WHAT IS REQUIRED:
Please return the data that follows precisely as written, but without the images.

SOURCE MATERIAL:
· · · ·
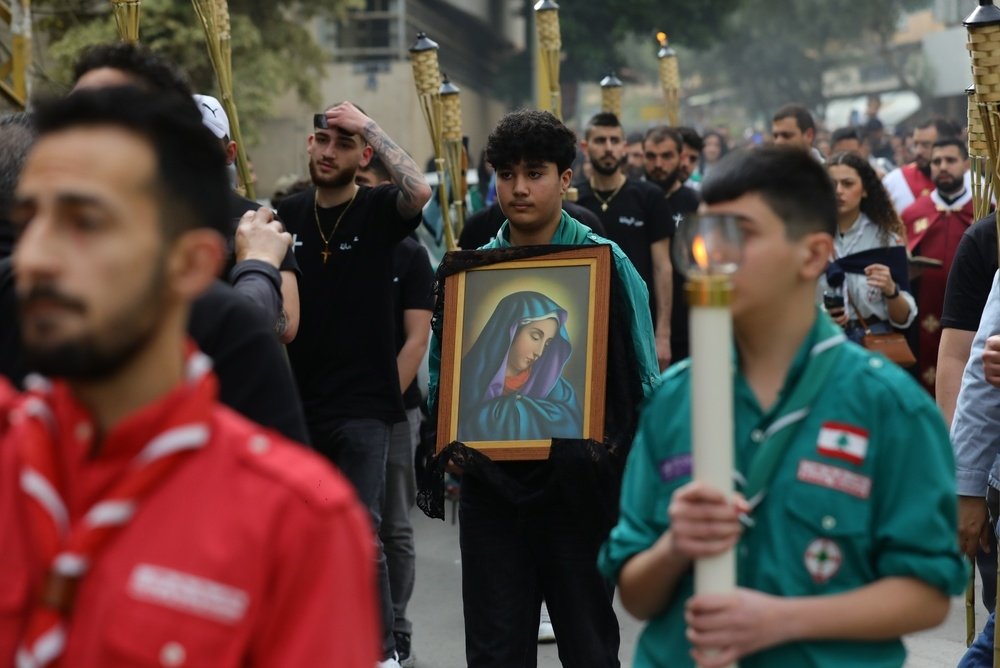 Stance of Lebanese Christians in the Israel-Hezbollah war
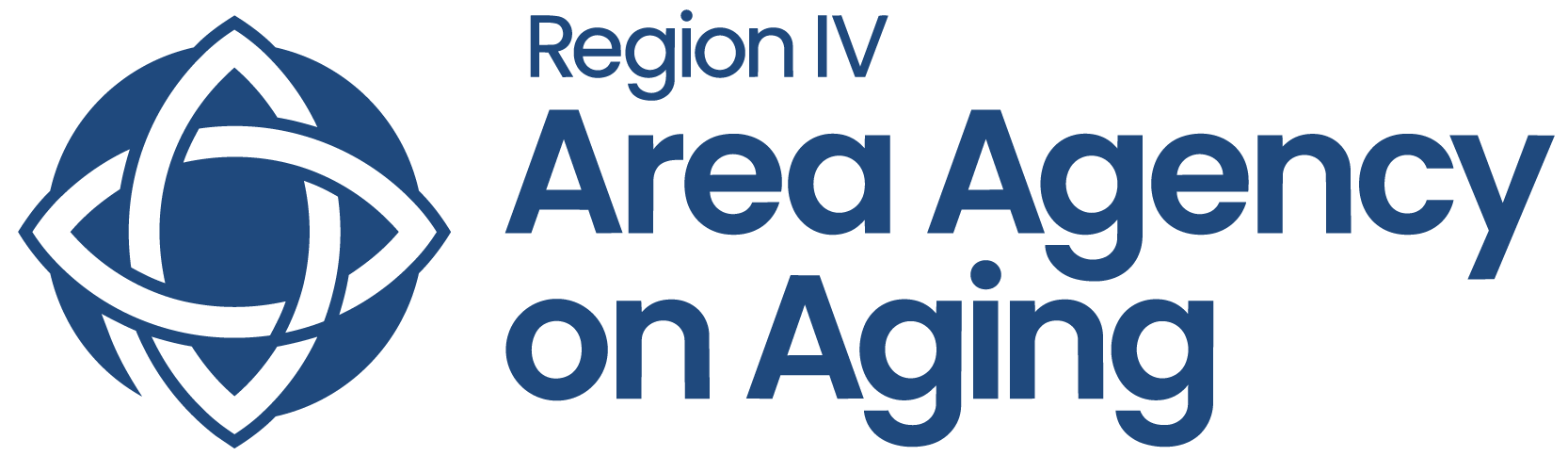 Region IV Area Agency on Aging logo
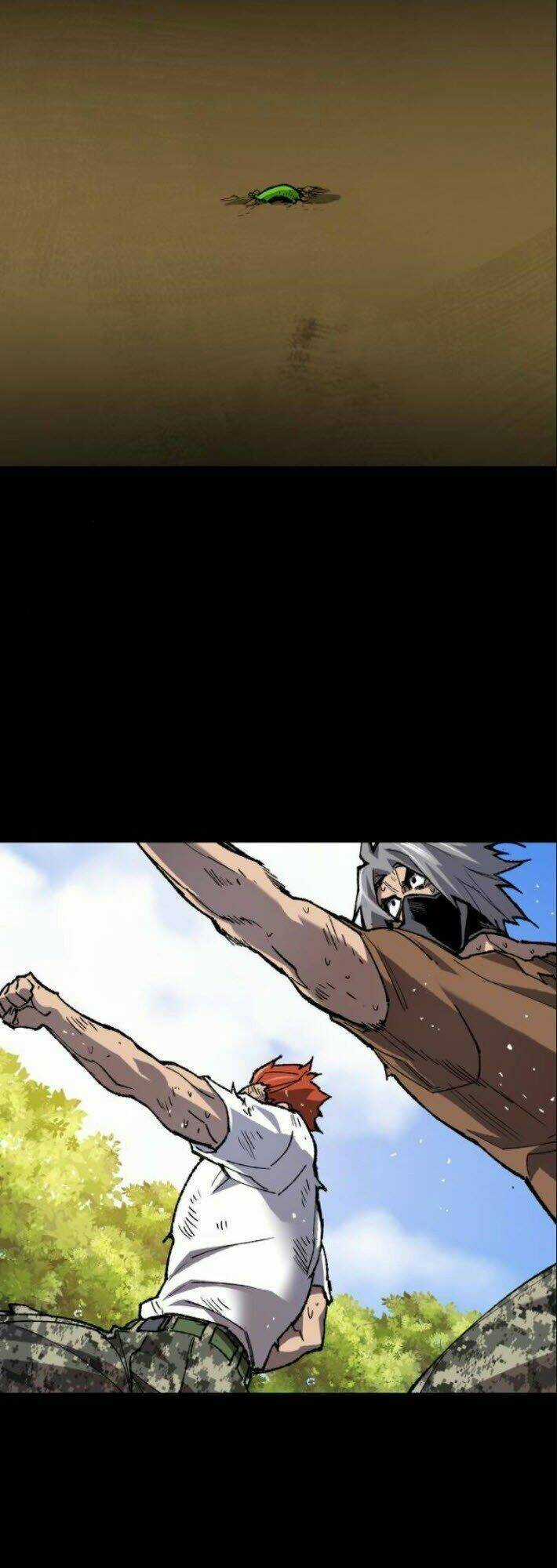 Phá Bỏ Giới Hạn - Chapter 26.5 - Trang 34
· · · ·
SOLUTION TO THIS PROBLEM:
 Stance of Lebanese Christians in the Israel-Hezbollah war
 Region IV Area Agency on Aging logo
 Phá Bỏ Giới Hạn - Chapter 26.5 - Trang 34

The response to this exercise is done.